The table below summerizes the main features of the most common types of business structures in Poland:
 
Entity
 
Description Summary legal features Summary tax features
Sole proprietorship
or the so called "economic activity"
(does not apply in the case of non-EU or non-EFTA nationals)
This is the most basic form of business. In essence you and the business are the same in everything but name. The main legal concern is around liability. Running your business as "economic activity" means you personally are liable for any claims against your business. This means that a creditor could call upon your own personal assets in the event of a claim. You are taxed on business profits according to the personal income tax but in many cases you can apply 19% tax rate which makes this option very advantagous. In addition you have to pay national insurance.
Limited liability company A company has a personality that is separate from the individual who owns the company.The company is the entity that is a party to contracts and the one that makes profits.
 
Extracting money from the company is possible through the payment of dividends.
The individual owners of the company are liable up to their capital contribution to the company (i.e. the money which they paid in). They are not liable for the company’s debts. However, there are rules in place that directors are liable for the company’s debts in case the company does not pay.
 
From the admin point of view, accounts and annual returns need to be filed with the commercial register on an annual basis. The financial information in the accounts is also publicly accessible.
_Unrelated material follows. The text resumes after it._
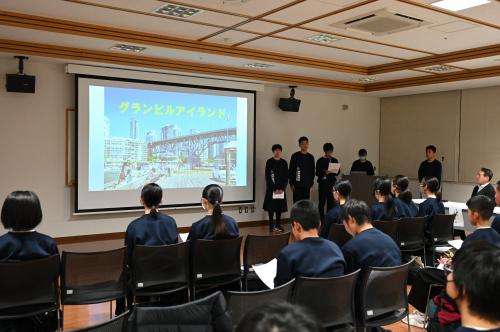 海外派遣報告会で生徒が発表している画像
The company is subject to tax on its profits, it files a corporation tax return and pays corporate tax (19%).
 
Upon payment of dividends, there is additional layer of tax. The amount of tax depends on the double taxation treaty.
Joint stock company A company has a personality that is separate from the individual who owns the company. The company is the entity that is a party to contracts and the one that makes profits.
 
A joint stock company is intended for large businesses.
The individual owners of the company are liable up to their capital contribution to the company (i.e. the money which they paid in). They are not liable for the company’s debts. The company is subject to tax on its profits, it files a corporation tax return and pays corporate tax (19%).
 
Upon payment of dividends, there is additional layer of tax. The amount of tax depends on the double taxation treaty.